* _Supplied material_:
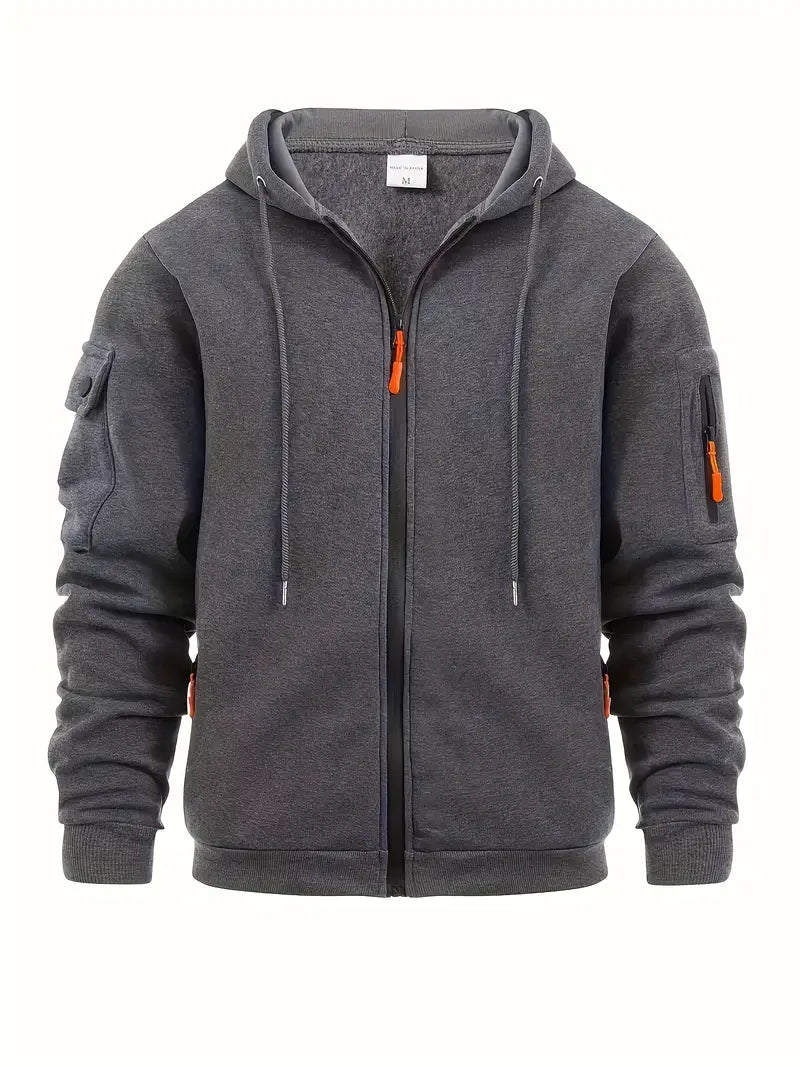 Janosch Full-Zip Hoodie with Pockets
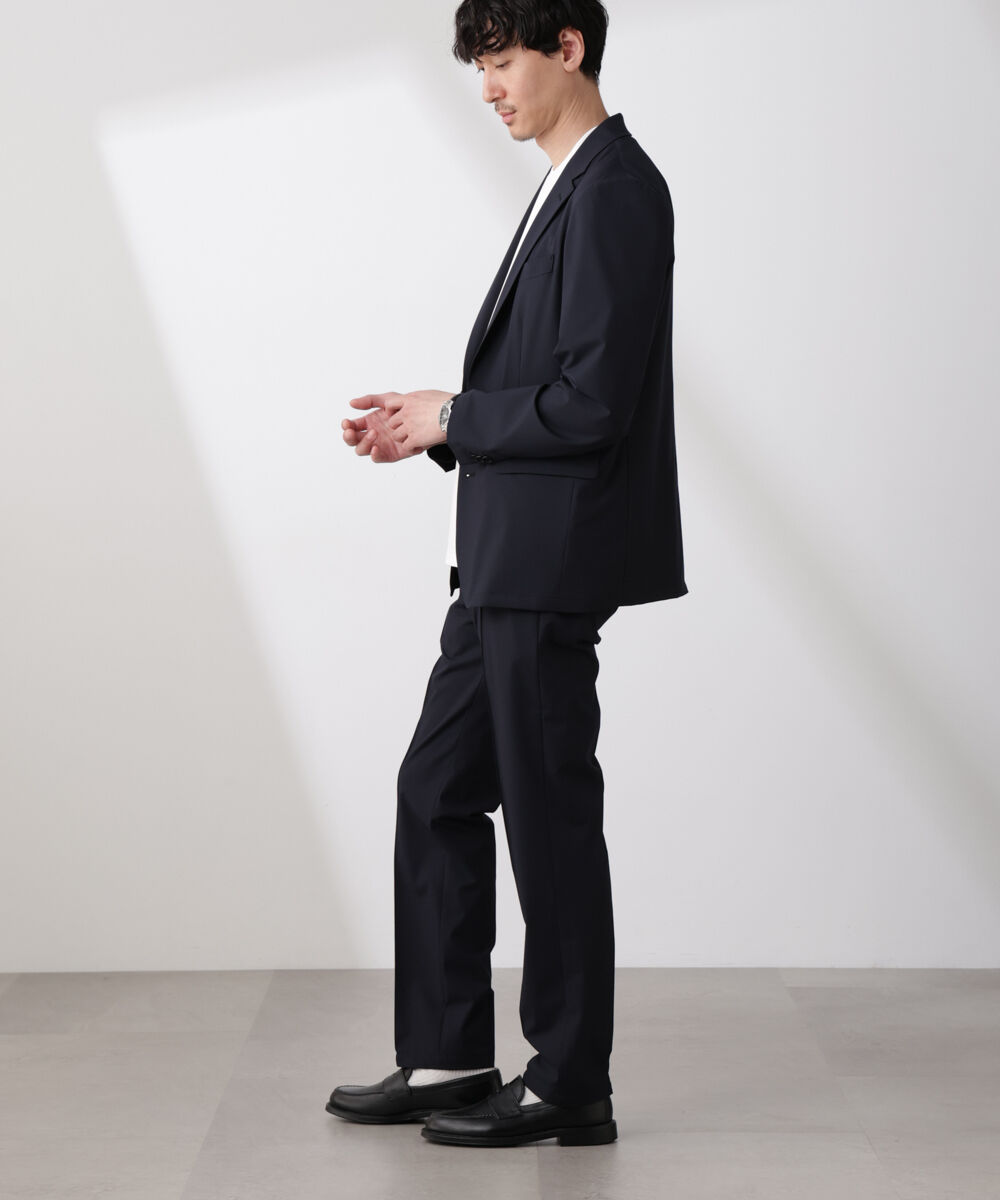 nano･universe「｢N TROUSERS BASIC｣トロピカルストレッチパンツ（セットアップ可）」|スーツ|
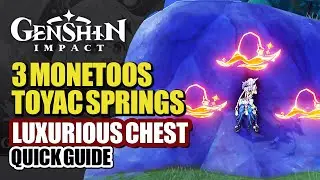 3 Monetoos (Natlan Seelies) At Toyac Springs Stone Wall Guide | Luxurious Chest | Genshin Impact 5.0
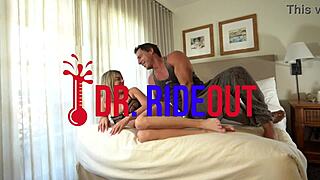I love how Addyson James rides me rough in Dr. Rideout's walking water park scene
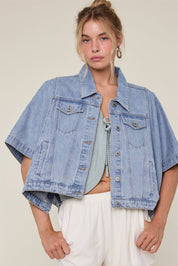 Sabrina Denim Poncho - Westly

* _Assigned task_:
All entries above should be returned exactly, apart from their pictures.

* _Output of the task_:
 Janosch Full-Zip Hoodie with Pockets
 nano･universe「｢N TROUSERS BASIC｣トロピカルストレッチパンツ（セットアップ可）」|スーツ|
 3 Monetoos (Natlan Seelies) At Toyac Springs Stone Wall Guide | Luxurious Chest | Genshin Impact 5.0
I love how Addyson James rides me rough in Dr. Rideout's walking water park scene
 Sabrina Denim Poncho - Westly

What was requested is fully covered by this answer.